For the third week in a row, Borges has kept the passing plays to a minimum during the first few drives or until Michigan builds a considerable lead. In the grand scheme of things, even as I dissect center vs. shotgun or in-the-pocket vs. out-of-the-pocket, the passing game takes a back seat to Michigan's ground game, as it should. Know that when, not if, shit hits the fan, Borges will revert back to the bread-and-butter which is RUN DENARD RUN.

Pressure was nonexistent. And that's by design because most of the plays called were either 3-step drops or 1 step back and fire; quick throws = not enough time for pressure to arrive. Soft coverage from Minnesota's secondary allowed those quick routes to be open all day too, so Denard didn't really have to do much beyond staring at his first read and making the basic throw. Still, the called plays and routes speak to the direction in which Denard feels most comfortable building a rhythm. Achieving it that early and with such success won't be as easy to replicate with better competition, but it's better than asking him to go playaction deep from the start.

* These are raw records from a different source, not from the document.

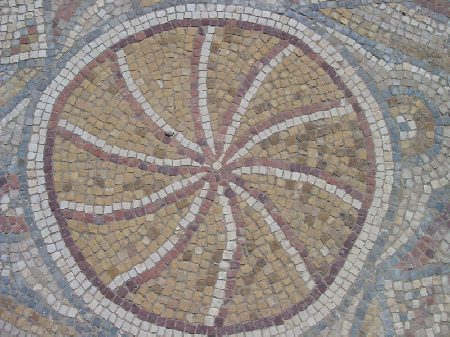 Motivo geometrico nell'area absidale della chiesa di Bellator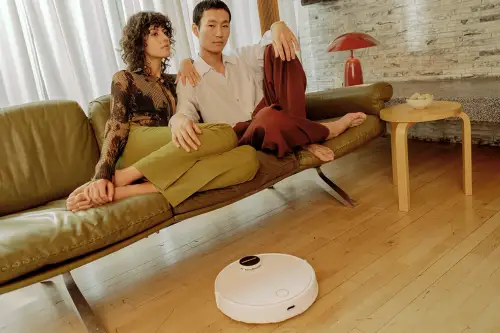 Cum îți ușurează viața un aspirator robot și cât de eficient este?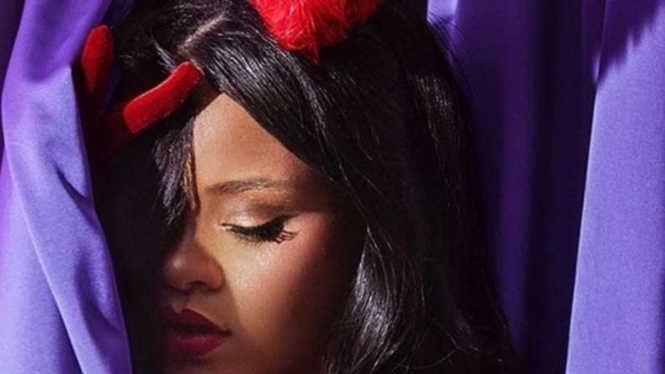 Rihanna memakai bandana rancangan Rinaldy A Yunardi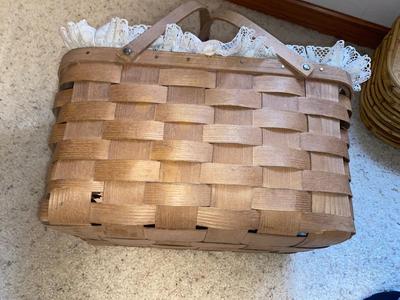 WICKER SERVING TRAYS AND A VTG PICNIC BASKET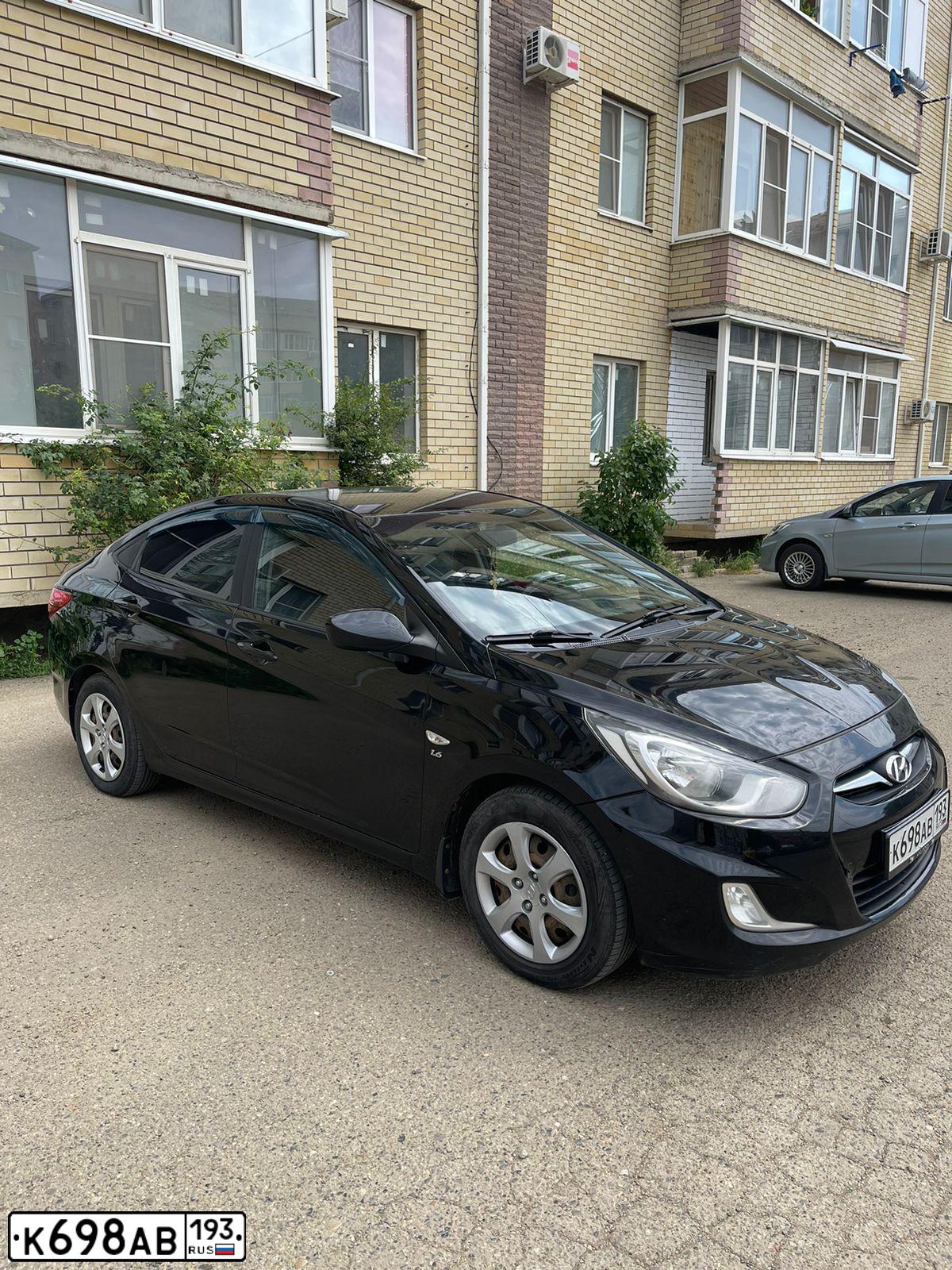 Фото автомобиля HYUNDAI SOLARIS, 2011 — госномер Т621СО18. Цвет: ЧЕРНЫЙ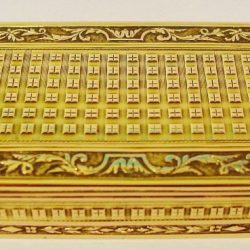 Caja Tabaquera en oro. París, Francia. Finales siglo XVIII 01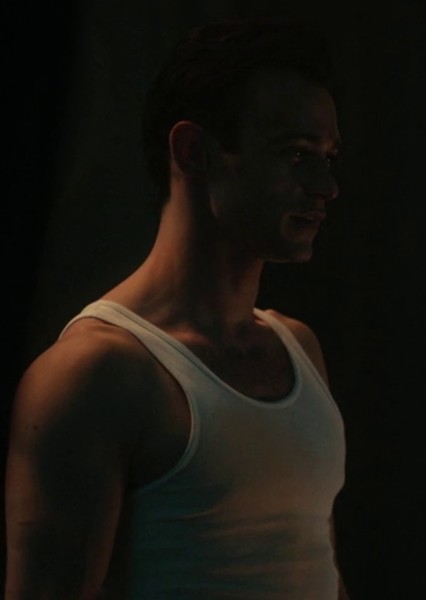 Thomas Doherty photo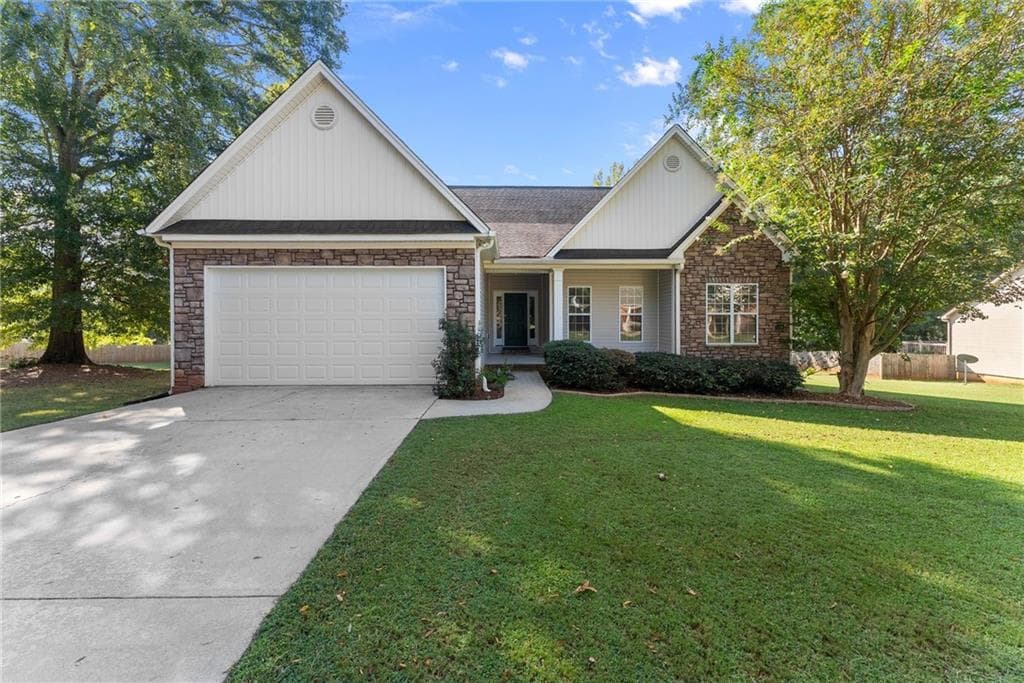3 bedroom, 2 bathroom, 1,749 sq ft home for sale at 27 Woods Way, Jefferson, GA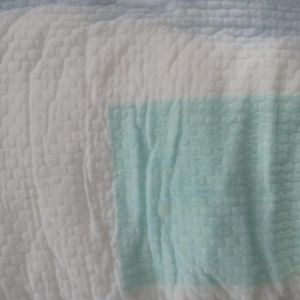 Freely Offered Samples Absorbent Maternity Pad for Postpartum Recovery and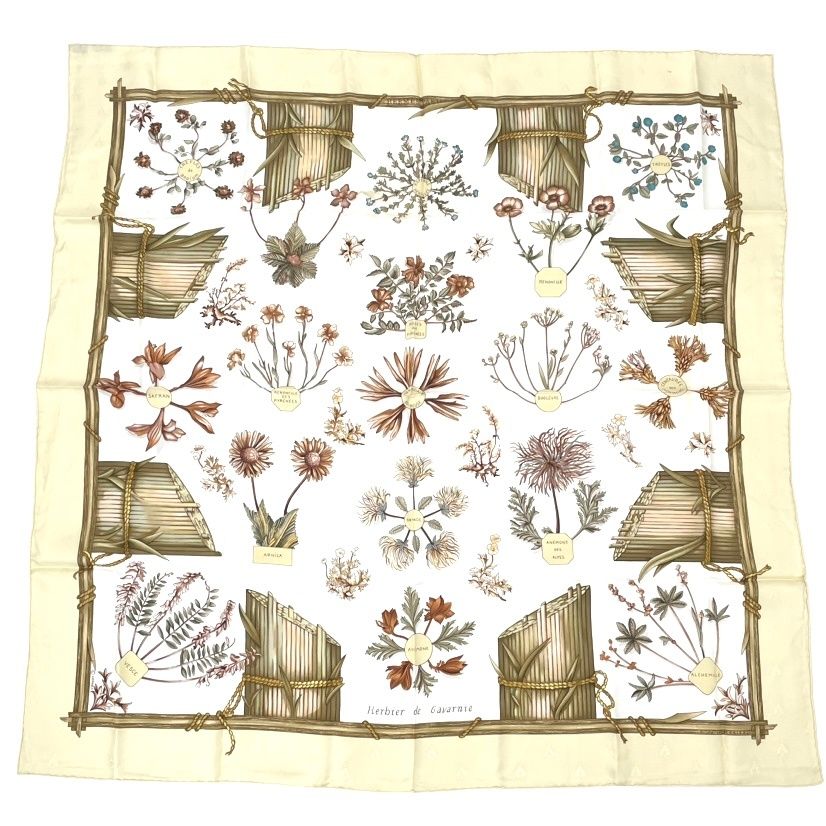 Hermes Herbier de Gavarnie Carre 90 Scarf Pressed Flowers of the Circle Valley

The other thing I wanted to point out was Denard's scramble. He stared down the quick out route and caught the OLB sneaking underneath--what would have been a very dangerous throw and likely a pick--before pulling it down and running himself. Last week, it was Denard locking onto receivers that got him into a lot of trouble. He may not be polished enough to go through 2nd or 3rd reads, but I would almost prefer he just run if his primary read is covered. This is tangible progress and it's really nice to see Denard improve on his decision-making.

It looks like the mini-evolution from under center to shotgun has stabilized. Borges started the season heavier under center but transitioned to (reluctantly accepted?) a predominately shotgun (4:1 ratio) offense. It seems unlikely Borges will eradicate the under center playaction and that's fine; it's not like it doesn't work. In fact, Denard went 4/4 from under center against Minnesota. But that speaks to Borges' creativity, like throwback screens to V. Smith with a convoy waiting for him on the opposite hash. The other throws--the tunnel screen to Gallon or roll-out TE flat--I could live without but as long as they help set up other plays or keep a defense honest, I'm OK deploying them on a minimal basis.

That the defense keeps raising it's ceiling reaffirms my belief there are other assets this team can rely on other than Denard's arm. It's not so much marginalizing the passing game as it is making sure Michigan plays towards its strengths of a potent ground attack, improved defense and field position. Denard doesn't need to be a miracle passer for this team to win. He needs to be a decent enough passer not to lose. That means safe routes, easy reads and whatever else it takes for Michigan to not turn the ball over in the air. With Hagerup as a powerful weapon, Michigan can force strong opponents to execute consistently for 60 minutes in order to beat them. Anything remotely resembling Denard's passing performance against Minnesota and he'll have automatically put his team in a very good position to win.